* _STUDY MATERIAL_
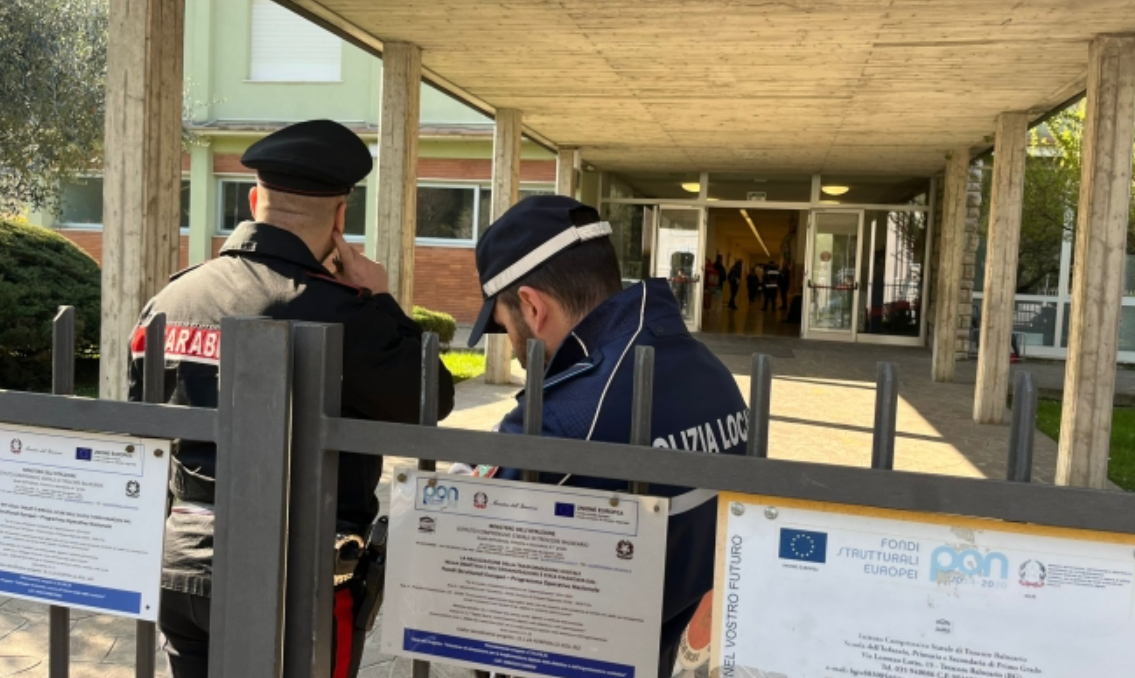 Insegnante accoltellata a scuola da uno studente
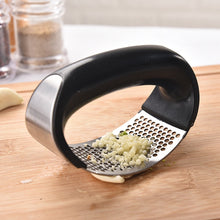 Load image into Gallery viewer, Kitchen gadgets stainless steel garlic press
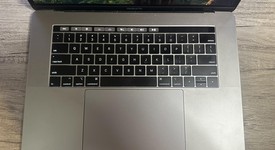 Good
													MacBook Pro 2018 (With Touch Bar) - 15" - I7, Gray, 512 GB, 16 GB, photo 4 of 9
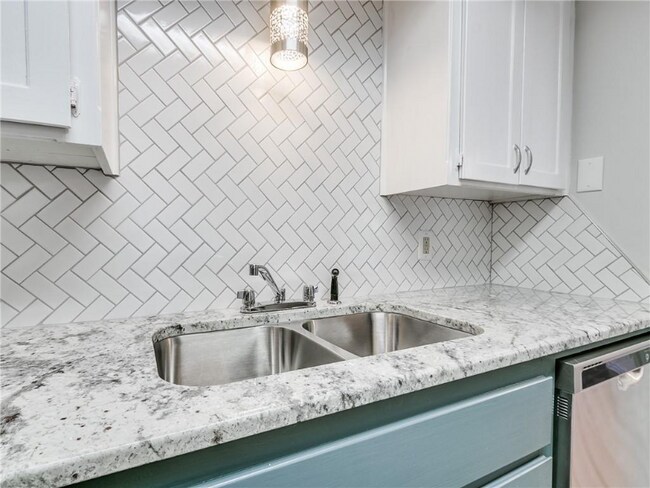 Foto del edificio - 3212 Meadow Ave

* _WORK ORDER_
Each record above must be returned exactly as written, with its pictures omitted.

* _EXERCISE RESULT_
 Insegnante accoltellata a scuola da uno studente
 Load image into Gallery viewer, Kitchen gadgets stainless steel garlic press
 Good
													MacBook Pro 2018 (With Touch Bar) - 15" - I7, Gray, 512 GB, 16 GB, photo 4 of 9
 Foto del edificio - 3212 Meadow Ave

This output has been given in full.